We were blessed with the world’s best bus driver for almost two years, until he had to retire a little over a month ago. Caleb and I miss him every day. Not only is this man kind, respectful, warm and loving, he also has a military background and you could time his arrival to the minute.

The same cannot be said for his replacement, which brings me to the evil twin of Groundhog Day: any change in routine.

As cloying and exhausting as it can be to submit to a rigid routine, it is horribly chaotic when that routine is disrupted. The new bus driver’s arrival varies from almost on-time to over 30 minutes late. With our former bus driver, Caleb never was able to watch an entire show and that was fine with him. When he would hear this distinctive whoosh of the bus’s air brakes, he would often stand, smiling already and say, “Oh, you gotta be kidding me,” then dance out to the bus, to the delight of both the bus driver and his angel of an aide.

This morning my friend insomnia woke me around 4:00. I decided to take advantage of this by getting a workout in early. This is not as simple as it sounds. It’s not part of the routine, and if Caleb is woken by this, he will come downstairs, eyes reddened from being disturbed while sleeping and say, “Not tomorrow.” So I was stepping as lightly as I could, missing half the instructions on the workout video because the volume was on level two, when the phone rang at 6:30. Caleb’s angel bus aide was calling to tell me that the new bus driver called out sick, and she had no idea when they would be arriving today.

With a typical kid, I would keep to the regular schedule and drive him to school. Caleb, like many kids with special needs, lives for the bus. If he has a doctor’s appointment, I have to schedule it so he still gets his two bus rides in or it will not be a good appointment. So this morning, I had to push everything back in an effort to keep Caleb from knowing the bus was late. “Late” is one of his least favorite words and the few times I have used it have launched a tirade of “no late tomorrow,” “I don’t like late,” and “late go home.”.

Alas, Caleb came down, said, “Not tomorrow” when he saw me exercising and needed to know when he was getting in the shower. I resorted to “soon” and pushed the whole routine back to 8:00, hoping the bus’s arrival would cooperate. His science show ended and he stood and said, “Where’s bus?” I said, “Soon” again, and, thank God, it did arrive within a few minutes. The axis of Caleb’s world fell back into place.

So which is worse, the drudgery of Groundhog Day or scrambling to fix unpredictable routines? This round goes to Groundhog Day and serves as a humbling reminder of why we live the way we do. Routine makes Caleb feel safe and secure and gives him control in a world that must feel constantly out of control for him.

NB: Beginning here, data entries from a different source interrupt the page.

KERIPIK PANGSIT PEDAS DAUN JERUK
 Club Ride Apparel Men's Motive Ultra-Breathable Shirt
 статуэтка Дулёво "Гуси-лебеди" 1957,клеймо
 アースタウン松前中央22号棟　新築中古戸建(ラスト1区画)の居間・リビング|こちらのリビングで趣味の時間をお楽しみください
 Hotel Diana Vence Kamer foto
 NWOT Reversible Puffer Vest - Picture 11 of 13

That is all that really matters.

Sometimes That Handicapped Permit is for a Kid

Something awful happened to my kids yesterday. Unfortunately, it is not an isolated incident, but it was the first time it happened without Mama Bear there to handle the situation.

Caleb’s 19 year-old sister Sophie thought it would be fun for her to take him out for a haircut, pizza and a quick stop at the grocery store.  Caleb’s mental age tests around 5 years old, but there are aspects of him that respond exactly like an 18 year-old young man. Getting a haircut with his sister is infinitely cooler than when Mom takes him, so he left the house with a noticeable spring in his step.

The haircut went well (our local salon is staffed with awesome stylists who always greet him by name). Caleb, who likes to have his hair cut every three weeks to keep a military-style buzz in shape, walked out of the salon full of the confidence a great haircut brings. He and his sister had fun at the pizza parlor. Sophie called to tell me there was one more stop and they’d be home soon.

The next time I saw her, her face was bright red, her eyes were overflowing with tears and she was crying so hard she could barely catch her breath to tell me what had happened. Caleb got out of the car and told me he needed to call my dad, whose strong, assuring voice can calm him in almost every situation.

My daughter is sadly used to having her needs come second to Caleb’s so she sat crying at the kitchen counter while we dialed my dad. She knew I couldn’t talk to her until Caleb was settled back down. My dad said his usual reassuring words to Caleb; Caleb took a deep breath and went to his room to play on his iPad.  Then I got the full story.

“We were accosted in the parking lot,” she cried, her voice cracking from raw emotion.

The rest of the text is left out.